As Ireland waves farewell to its boom years as the ‘Celtic Tiger’, the Dublin-based artist, Guggi, wonders if a return to hard times isn’t actually blessing for the city.
  • Transcript


Question: How has Dublin’s rapid economic growth altered the city?

Guggi: I think it probably made people greedy. There is no doubt about the fact that a lot of positive things came out of it. You know, you see beautiful buildings. You find yourself living in a city that's very pleasant. You don't see people suffering from poverty or you do, perhaps, but a lot less. But you know now that the bubble has burst and the economy has collapsed, I do think it's a real blessing in disguise. I don't think there's any doubt about that. So much of, you know -- the great music even in recent times has not come from wealthy, spoiled children that eat too much, that are given too much, that take stuff for granted. It did come from hard times and it did come from a certain level of poverty. So I think it's a blessing in disguise, but I going to say, having said that, I did enjoy the good times.

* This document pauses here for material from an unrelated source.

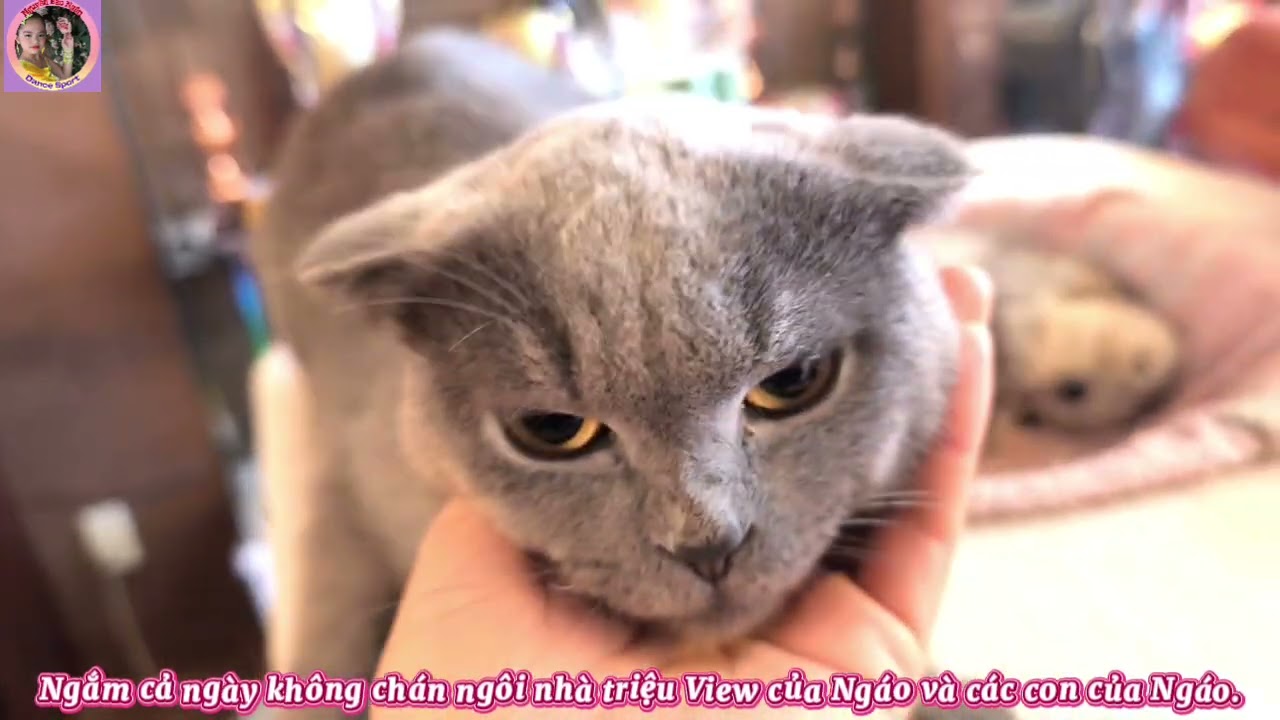 Ngôi nhà triệu View của Ngáo ( Mèo Anh lông ngắn) đẹp hơn nhà Triệu Đô💲💲💲😺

Question: What major changes do you notice in the city now?

Guggi: Yeah. You notice a big difference now; a lot of restaurants closing, a lot of shops closing, and you know people are maybe a little bit panicked, and the media, I think, in Ireland, hammered consumer confidence and I think that played a very big part in the bubble bursting, coming down so fast. I think that could have been avoided. I think people are now starting to get a little bit bored with the recession and talk of the recession. So I think that's a good thing, but yeah, you notice differences. We've kind of stopped celebrating. But we were over-celebrating, so you know. Now it's evening out a little bit. I don't think that's a bad thing.